What occurs next is seared into the memories of older boxing fans. In the fight which was broadcast live on nationwide television, Griffith unleashed a vicious beating on Paret while knocking him senseless. Paret would die ten days later. I have read that an earlier production of this play had trouble staging this scene. Director Michael Grief along with fight directors Rick Sordelet and Christian Kelly-Sordelet pull it off brilliantly. Using a revolving boxing ring, a tall projection screen showing footage from the actual fight, as well as using stop action effects with flash bulbs going off brings that terrible event vividly to life. Paret’s wife Lucia (Carla Martina), standing above and to the side of the action tells us what was going on with Benny before the fight. Lucia is joined by Emile’s mother Emelda (Krystal Joy Brown) and Paret’s manager Manuel Alfaro (Eliseo Gatta) in giving all the background that led up to this tragic outcome. They make it clear Paret never should have been in the ring that night. It is very, very powerful. Whether or not you are a boxing fan, you do not want to miss this.
There is music throughout the play. Caribbean children’s songs are sung by the actors accompanied by two musicians. It is not a musical, but the music is an integral part of the play, and just wonderful.
Man In The Ring is a complex work about a paradoxical man. Emile was a fun loving gentle man in the most violent of professions. A man who spent much time at gay bars while participating in the manliest of sports (this was at a time when being gay was equated with being a “sissie”). He was deeply effected by the death of Paret yet kept fighting for years after, though it was apparent he no longer fought with the same intensity.
As the play nears its conclusion we see Emile, now deeply suffering the effects of CTE, being brought to meet with Benny Paret’s son in a park. Emile is confused but the moment is touching.

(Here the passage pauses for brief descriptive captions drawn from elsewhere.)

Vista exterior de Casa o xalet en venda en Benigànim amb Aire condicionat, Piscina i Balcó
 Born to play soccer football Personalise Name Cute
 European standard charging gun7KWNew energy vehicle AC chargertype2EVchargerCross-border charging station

Young Paret, Luis, and Griffith are all involved in trying to make sense out of what happened.
As a boxing historian I found so much in this play. The accuracy is just stunning. Mr. Cristofer not only did incredible research, but he also understands the subject.This is very impressive for a boxing “civilian”.
As a play reviewer, I saw an amazing work of theatre. This can be called a boxing play, and boxing fans should definitely see it. It is an important piece of work that should be added to the great literature on boxing.
Beyond being a great boxing play, Man In The Ring is amazing theatre. It is impressive how much is covered in just 110 minutes. The entire cast and production team are nothing short of outstanding. It would be foolish to miss any work with John Douglas Thompson in it, but this work is solid from top to bottom.
You might think I am giving this high praise because of my boxing background. If anything, my knowledge of the subject would have been more likely to have caused me to go negative. The fact that Mr. Cristofer was able to impress me speaks very well to this play. I brought an extra critical eye to the Huntington on the evening I saw Man In The Ring. I can assure you, you will not be disappointed in this play. It is a great boxing story, it is a great human story, it is great theatre. I highly recommend Man In The Ring.